Keineswegs ist diese Art von Vergessen, die man eher ein Nicht-Präsenthaben nennen müßte, ein Zeichen dafür, daß die Mühe ganz vergeblich war oder man sich partout nichts merken kann. Sofern man eine Sprache nicht durch tägliche Verwendung - in welcher Form auch immer - lebendig hält, ruht das erworbene Wissen und muß dann eben wieder geweckt werden. Das ist nicht schwierig. Also, man hat es nicht immer noch nicht gelernt, sondern lediglich hinten in der Schreibtischschublade, an einem etwas schwerer erreichbaren Ort, gelagert. Man muß ein wenig kramen. Das Kramen allerdings kann sogar einen zusätzlichen Lerneffekt haben.

Raute

Und dann gibt es wohl noch den Fall, daß man meint, sich von vornherein gar nichts merken zu können. Also so etwas wie: Französische Bedingungssätze, unregelmäßige Verben, das lerne ich nie!! Zunächst einmal möchte ich die Lektüre des folgenden Textes empfehlen:

FRANZÖSISCH/074: Skizzen... Sprachunbegabt? - So etwas gibt es nicht!

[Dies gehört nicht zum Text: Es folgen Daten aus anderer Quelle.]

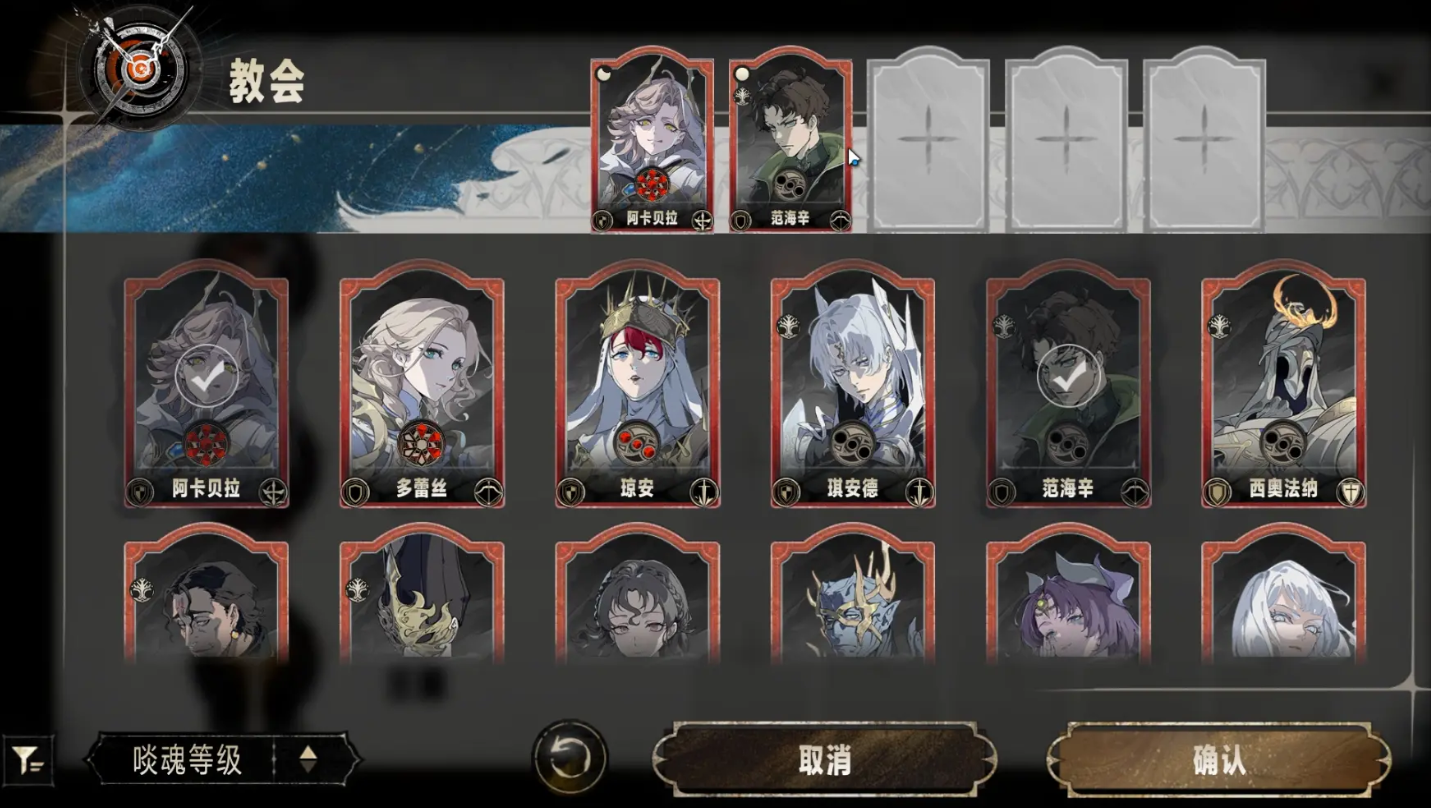 How to Play the Silver and Crimson Wish Painting Box: An Introduction to the Silver and Crimson Wish Painting Box Gameplay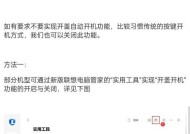 笔记本电脑无法开机的解决方法（从硬件到软件全方位教你如何解决开机问题）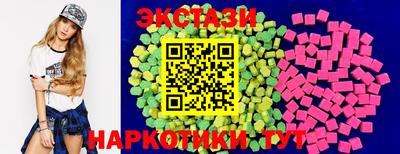 ALPHA PVP Пенза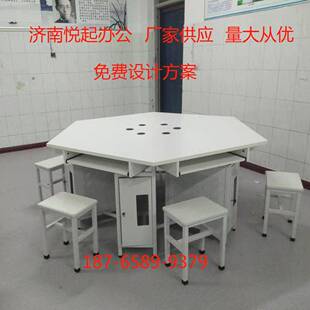 厂家供应微机室六边形电脑桌多媒体教室六角桌学生多人微机电脑桌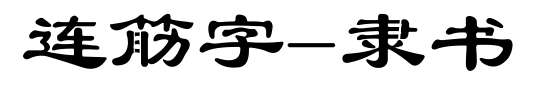 连筋字-隶书预览图片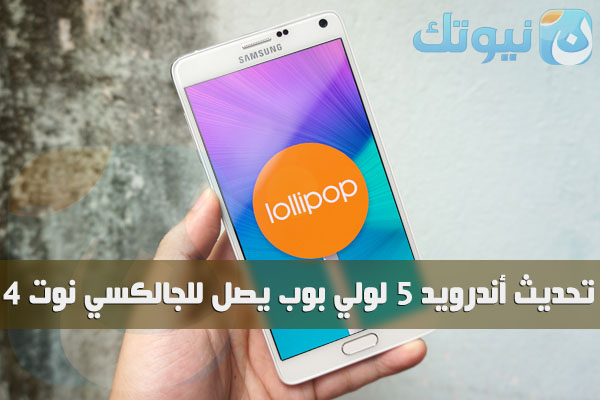 note 4 Lollipop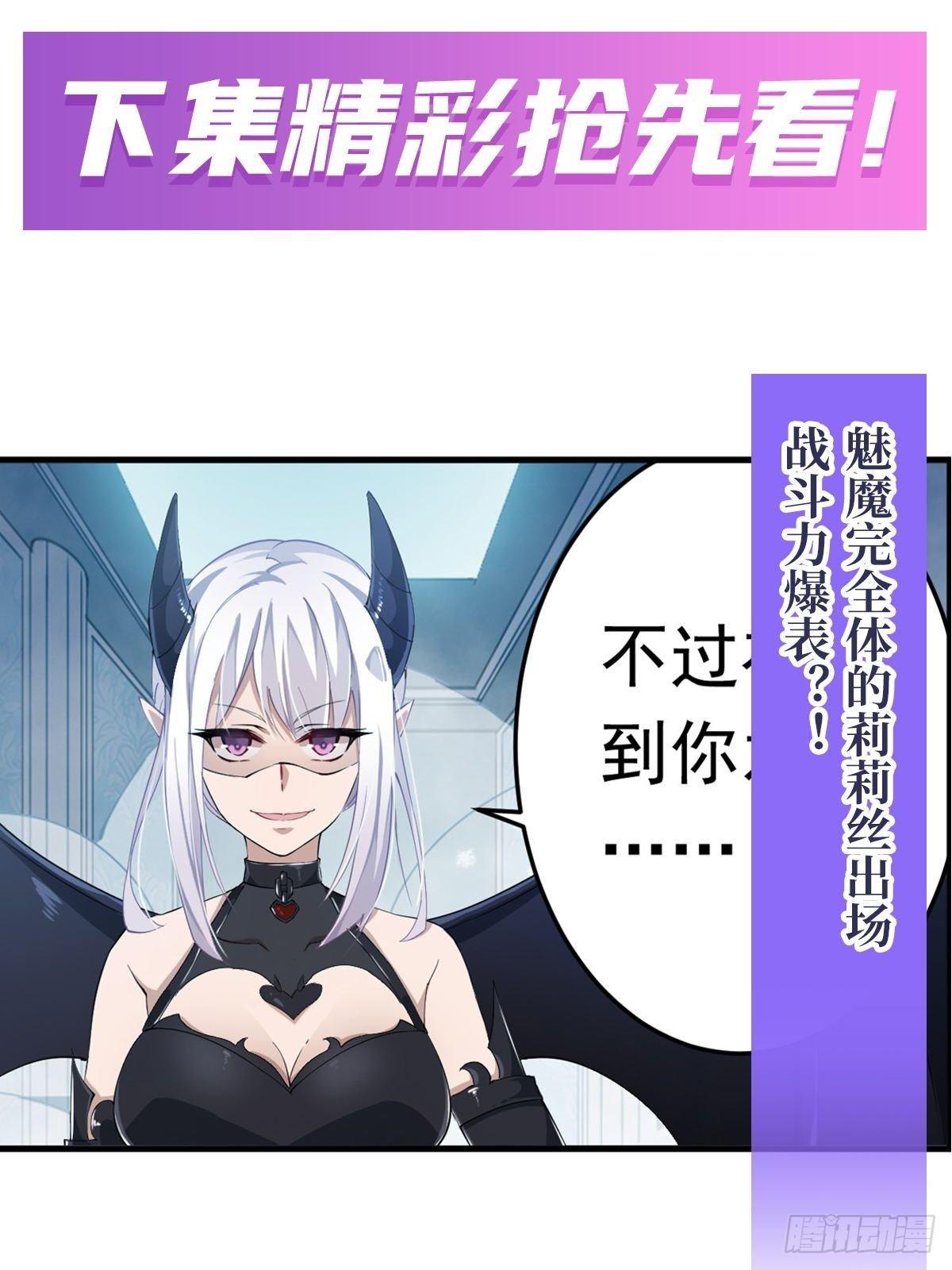 第44话55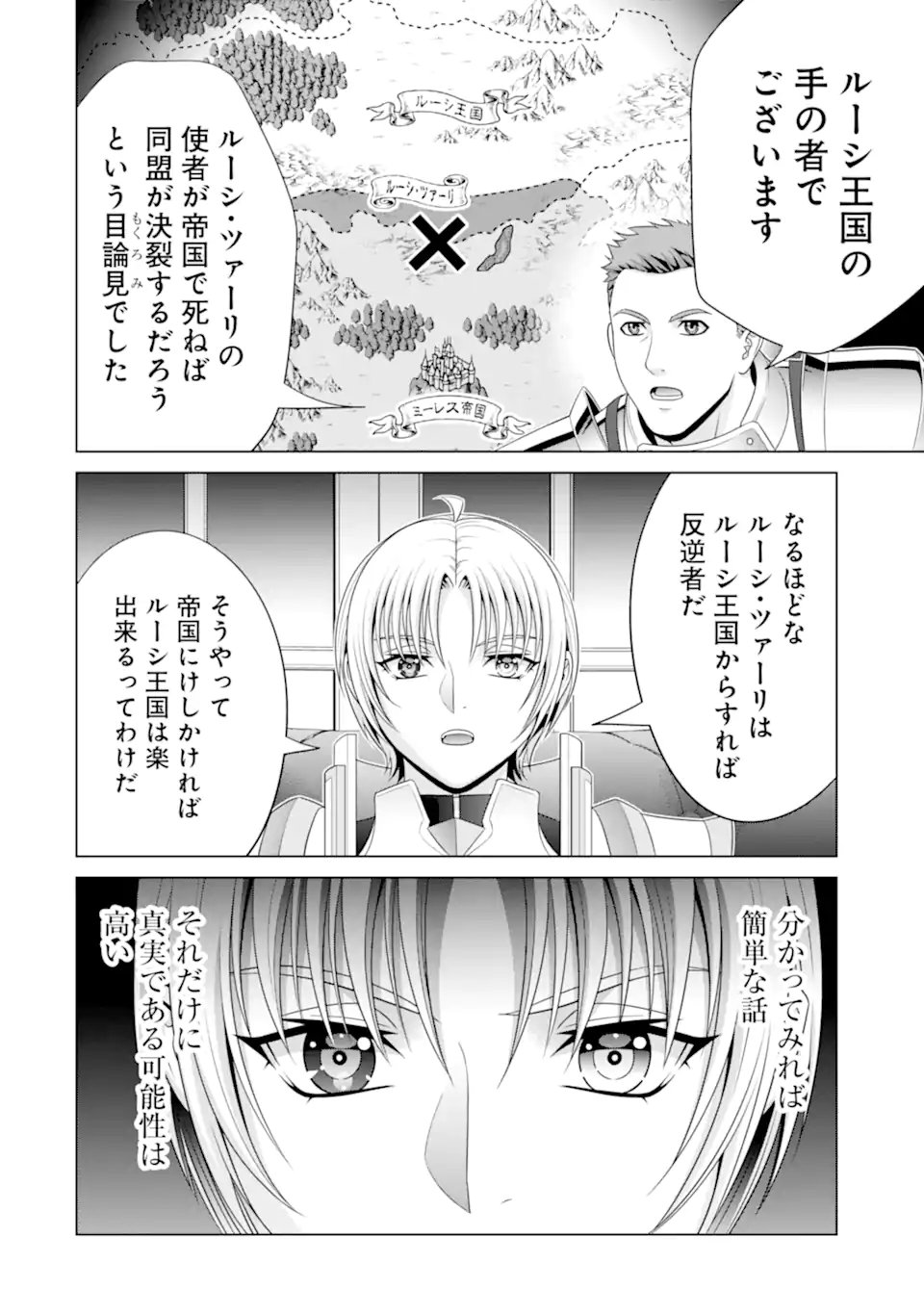 貴族転生 - 第30.2話 - Page 8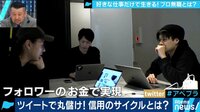 AbemaPrime - 企画 - 「好きなことだけして年商1000万」自称・プロ無職の悠々自適な生活とは(18/12/11) | 動画視聴は【Abemaビデオ(AbemaTV)】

Gibt sich das Problem dann immer noch nicht - was ich mir nur sehr schwer vorstellen kann -, möchte ich dringend raten, nicht aufzugeben. In vielen Fällen ist dies der eigentliche Schlüssel: Man gibt schnell oder zu schnell auf, traut sich nichts zu, läßt sich verwirren oder unter Druck setzen. Geht nun gar nichts mehr, macht man einfach einen Schritt zurück, packt das Problem auf einer niedrigeren Stufe an. Kann ich mir im Falle der Si-Sätze zum Beispiel nicht merken, daß im Si-Teil des Satzes nie Zukunft oder Konditional steht, habe ich möglicherweise schon mit den Zeiten ein Problem oder versuche etwas zu verstehen, das es gar nicht zu verstehen gibt. Die Frage: Warum dürfen da weder Zukunft noch Konditional stehen, ist zwar sehr verständlich, sollte man sich auch ruhig stellen, aber man sollte sie nicht zum Hindernis für's Lernen werden lassen. Sprache ist regelhaft, Sprache ist eigentlich tote Substanz. Das heißt leider, um das sture Auswendiglernen kommt man nicht herum. Das ist die Anpassungleistung, die man erbringen muß, um sich eine Sprache anzueignen. Hat man darüber hinaus Fragen, und ich meine richtig Fragen und nicht die trotzige Abwehr: Was soll denn das ganze!!!, kann das eigentlich das Erlernen einer Sprache nur fördern, weil diese Fragen faszinieren, also den Verstand binden. Denn dann beschäftigt man sich damit. Nur sollte man diese Fragen als solche erkennen, herauslösen und freudig bearbeiten und nicht als Mauer in die Gegend stellen, die da hieße: Wenn ich nicht sofort verstehe, also meine Antwort bekomme, dann lerne ich auch nicht!

Also, viel Spaß beim Französischlernen!